• _Exercise objective_: Look through the data below for the line with "Hokejová karta Larry", and transcribe it exactly together with each line after it up to and including the line with "Bằng mos có giá trị vĩnh viễn". Give nothing else.

• _Data for analysis_:

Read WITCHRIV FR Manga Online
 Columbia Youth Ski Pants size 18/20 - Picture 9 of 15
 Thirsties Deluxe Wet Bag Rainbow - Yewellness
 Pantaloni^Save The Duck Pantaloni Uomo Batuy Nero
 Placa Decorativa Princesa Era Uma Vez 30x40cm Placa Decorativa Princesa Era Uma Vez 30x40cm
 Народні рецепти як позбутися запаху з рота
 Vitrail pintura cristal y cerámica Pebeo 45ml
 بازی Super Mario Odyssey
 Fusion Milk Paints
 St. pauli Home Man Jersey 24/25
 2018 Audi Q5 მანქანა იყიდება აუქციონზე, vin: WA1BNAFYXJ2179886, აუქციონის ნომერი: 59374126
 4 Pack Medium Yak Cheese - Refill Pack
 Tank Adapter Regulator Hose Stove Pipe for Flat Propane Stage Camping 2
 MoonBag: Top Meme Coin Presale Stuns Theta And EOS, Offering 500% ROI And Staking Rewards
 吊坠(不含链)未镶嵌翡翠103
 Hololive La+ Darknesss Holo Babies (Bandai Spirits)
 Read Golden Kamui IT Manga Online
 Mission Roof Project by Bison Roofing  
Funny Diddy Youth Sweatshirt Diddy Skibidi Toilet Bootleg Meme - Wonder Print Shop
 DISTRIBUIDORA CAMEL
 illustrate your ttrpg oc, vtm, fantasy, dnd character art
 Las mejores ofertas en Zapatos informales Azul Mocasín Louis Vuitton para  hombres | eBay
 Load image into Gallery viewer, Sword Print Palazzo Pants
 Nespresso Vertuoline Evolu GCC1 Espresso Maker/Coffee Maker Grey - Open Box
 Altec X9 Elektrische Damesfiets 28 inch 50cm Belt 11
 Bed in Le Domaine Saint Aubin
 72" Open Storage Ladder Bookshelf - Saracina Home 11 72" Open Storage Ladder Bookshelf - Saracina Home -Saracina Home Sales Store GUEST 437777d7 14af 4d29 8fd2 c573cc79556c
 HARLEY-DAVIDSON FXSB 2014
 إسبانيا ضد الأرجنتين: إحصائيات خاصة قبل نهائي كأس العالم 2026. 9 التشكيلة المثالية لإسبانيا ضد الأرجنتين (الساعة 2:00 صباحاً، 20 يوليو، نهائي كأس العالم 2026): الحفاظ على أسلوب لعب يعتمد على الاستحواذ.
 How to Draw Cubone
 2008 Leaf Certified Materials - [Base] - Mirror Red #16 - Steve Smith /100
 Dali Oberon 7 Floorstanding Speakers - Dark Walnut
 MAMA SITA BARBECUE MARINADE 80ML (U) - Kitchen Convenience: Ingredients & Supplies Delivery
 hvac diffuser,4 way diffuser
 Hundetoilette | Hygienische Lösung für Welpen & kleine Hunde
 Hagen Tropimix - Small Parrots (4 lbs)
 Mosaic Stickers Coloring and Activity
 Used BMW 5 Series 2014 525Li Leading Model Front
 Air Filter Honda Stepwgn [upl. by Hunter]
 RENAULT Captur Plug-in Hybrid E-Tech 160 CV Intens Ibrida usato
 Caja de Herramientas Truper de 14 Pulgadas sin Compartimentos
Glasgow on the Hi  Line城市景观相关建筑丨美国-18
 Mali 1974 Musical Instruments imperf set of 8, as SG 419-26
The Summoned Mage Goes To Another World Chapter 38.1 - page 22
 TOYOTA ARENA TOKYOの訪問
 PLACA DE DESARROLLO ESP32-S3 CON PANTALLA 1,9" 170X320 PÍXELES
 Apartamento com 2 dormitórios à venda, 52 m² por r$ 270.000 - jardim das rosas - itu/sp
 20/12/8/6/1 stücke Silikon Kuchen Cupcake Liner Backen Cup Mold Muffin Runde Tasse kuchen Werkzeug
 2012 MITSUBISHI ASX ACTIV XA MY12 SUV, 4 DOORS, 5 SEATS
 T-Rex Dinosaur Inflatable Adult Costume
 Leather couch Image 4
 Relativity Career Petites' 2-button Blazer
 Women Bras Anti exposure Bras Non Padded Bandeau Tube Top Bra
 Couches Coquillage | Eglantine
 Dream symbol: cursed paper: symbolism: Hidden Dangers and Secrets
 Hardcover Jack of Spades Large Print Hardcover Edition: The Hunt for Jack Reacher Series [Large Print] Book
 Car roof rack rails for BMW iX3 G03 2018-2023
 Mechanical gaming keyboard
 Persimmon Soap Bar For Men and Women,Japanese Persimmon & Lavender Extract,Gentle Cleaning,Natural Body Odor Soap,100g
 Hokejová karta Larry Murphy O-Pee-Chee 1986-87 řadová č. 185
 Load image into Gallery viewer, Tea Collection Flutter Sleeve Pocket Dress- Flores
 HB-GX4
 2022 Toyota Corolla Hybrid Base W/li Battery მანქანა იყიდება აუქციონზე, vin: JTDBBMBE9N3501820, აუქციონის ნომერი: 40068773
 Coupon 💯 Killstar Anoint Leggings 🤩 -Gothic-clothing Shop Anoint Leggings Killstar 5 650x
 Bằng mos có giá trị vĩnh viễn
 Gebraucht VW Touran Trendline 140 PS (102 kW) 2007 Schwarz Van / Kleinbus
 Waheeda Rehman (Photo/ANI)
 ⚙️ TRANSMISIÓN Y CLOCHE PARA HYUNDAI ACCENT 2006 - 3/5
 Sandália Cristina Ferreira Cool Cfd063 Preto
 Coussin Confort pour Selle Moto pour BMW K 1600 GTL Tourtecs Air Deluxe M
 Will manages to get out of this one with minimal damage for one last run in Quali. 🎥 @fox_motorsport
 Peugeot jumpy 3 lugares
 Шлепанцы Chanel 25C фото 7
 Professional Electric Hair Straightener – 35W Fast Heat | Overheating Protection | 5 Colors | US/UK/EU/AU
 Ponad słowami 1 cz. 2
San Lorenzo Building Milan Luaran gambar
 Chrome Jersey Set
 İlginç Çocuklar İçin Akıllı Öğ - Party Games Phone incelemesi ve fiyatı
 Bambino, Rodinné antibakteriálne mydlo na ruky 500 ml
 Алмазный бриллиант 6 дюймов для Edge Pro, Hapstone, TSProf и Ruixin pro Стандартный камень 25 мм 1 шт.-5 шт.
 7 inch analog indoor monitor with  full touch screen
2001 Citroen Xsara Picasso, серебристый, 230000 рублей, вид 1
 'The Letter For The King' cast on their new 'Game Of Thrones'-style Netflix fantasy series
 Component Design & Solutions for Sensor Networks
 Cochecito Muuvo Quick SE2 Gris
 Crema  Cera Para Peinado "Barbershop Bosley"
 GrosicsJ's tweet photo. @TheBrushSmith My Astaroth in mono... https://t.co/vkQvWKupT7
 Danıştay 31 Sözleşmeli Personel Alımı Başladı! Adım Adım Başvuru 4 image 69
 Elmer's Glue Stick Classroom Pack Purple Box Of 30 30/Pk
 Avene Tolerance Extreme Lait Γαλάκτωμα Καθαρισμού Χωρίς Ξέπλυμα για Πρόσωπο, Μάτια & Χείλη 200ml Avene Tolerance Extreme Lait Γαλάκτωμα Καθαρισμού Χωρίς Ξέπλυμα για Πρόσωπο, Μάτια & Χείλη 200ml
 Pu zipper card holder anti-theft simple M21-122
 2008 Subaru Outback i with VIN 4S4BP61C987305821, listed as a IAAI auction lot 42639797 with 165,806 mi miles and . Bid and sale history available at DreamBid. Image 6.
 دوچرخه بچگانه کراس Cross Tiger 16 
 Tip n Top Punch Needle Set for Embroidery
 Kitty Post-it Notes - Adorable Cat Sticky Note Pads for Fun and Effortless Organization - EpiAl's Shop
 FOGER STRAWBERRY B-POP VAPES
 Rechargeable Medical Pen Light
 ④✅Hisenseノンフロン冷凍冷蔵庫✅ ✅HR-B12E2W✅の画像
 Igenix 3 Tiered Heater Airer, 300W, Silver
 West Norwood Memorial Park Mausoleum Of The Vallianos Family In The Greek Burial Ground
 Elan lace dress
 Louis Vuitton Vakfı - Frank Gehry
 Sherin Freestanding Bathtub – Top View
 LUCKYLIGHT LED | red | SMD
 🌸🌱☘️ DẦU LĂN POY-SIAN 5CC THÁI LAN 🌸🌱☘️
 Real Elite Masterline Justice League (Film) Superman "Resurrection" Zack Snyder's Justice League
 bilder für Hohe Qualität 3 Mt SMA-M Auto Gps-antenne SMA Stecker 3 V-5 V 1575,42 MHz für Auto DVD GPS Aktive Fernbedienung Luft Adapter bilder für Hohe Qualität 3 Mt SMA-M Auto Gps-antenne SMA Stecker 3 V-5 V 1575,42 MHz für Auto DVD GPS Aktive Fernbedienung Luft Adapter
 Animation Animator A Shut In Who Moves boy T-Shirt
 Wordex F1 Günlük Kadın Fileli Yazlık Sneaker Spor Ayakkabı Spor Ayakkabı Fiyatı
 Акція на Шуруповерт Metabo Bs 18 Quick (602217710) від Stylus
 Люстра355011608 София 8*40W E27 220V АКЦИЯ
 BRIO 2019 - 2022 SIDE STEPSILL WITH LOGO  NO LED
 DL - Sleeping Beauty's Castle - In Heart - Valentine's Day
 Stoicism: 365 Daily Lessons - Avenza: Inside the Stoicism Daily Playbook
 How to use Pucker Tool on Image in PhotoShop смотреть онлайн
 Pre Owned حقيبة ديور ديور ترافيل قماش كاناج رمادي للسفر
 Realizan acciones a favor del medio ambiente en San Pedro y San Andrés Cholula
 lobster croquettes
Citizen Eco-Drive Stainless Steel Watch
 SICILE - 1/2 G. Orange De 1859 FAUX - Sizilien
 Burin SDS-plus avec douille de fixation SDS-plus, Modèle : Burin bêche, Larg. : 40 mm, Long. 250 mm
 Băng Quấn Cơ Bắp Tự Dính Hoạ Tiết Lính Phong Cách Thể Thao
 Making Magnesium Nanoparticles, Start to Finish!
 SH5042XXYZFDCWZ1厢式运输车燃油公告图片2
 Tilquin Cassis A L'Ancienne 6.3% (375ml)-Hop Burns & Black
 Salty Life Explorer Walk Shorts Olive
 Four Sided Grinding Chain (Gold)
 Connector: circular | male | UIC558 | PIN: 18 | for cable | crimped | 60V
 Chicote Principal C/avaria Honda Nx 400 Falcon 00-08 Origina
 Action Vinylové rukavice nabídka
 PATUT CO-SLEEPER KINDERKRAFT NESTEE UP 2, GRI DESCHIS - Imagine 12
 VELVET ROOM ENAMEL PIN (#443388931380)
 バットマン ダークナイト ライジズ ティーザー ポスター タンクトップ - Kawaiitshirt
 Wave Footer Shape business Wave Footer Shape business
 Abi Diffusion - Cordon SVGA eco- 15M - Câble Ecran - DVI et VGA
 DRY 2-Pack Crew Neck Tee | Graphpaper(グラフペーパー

• _Answer below_:
 Hokejová karta Larry Murphy O-Pee-Chee 1986-87 řadová č. 185
 Load image into Gallery viewer, Tea Collection Flutter Sleeve Pocket Dress- Flores
 HB-GX4
 2022 Toyota Corolla Hybrid Base W/li Battery მანქანა იყიდება აუქციონზე, vin: JTDBBMBE9N3501820, აუქციონის ნომერი: 40068773
 Coupon 💯 Killstar Anoint Leggings 🤩 -Gothic-clothing Shop Anoint Leggings Killstar 5 650x
 Bằng mos có giá trị vĩnh viễn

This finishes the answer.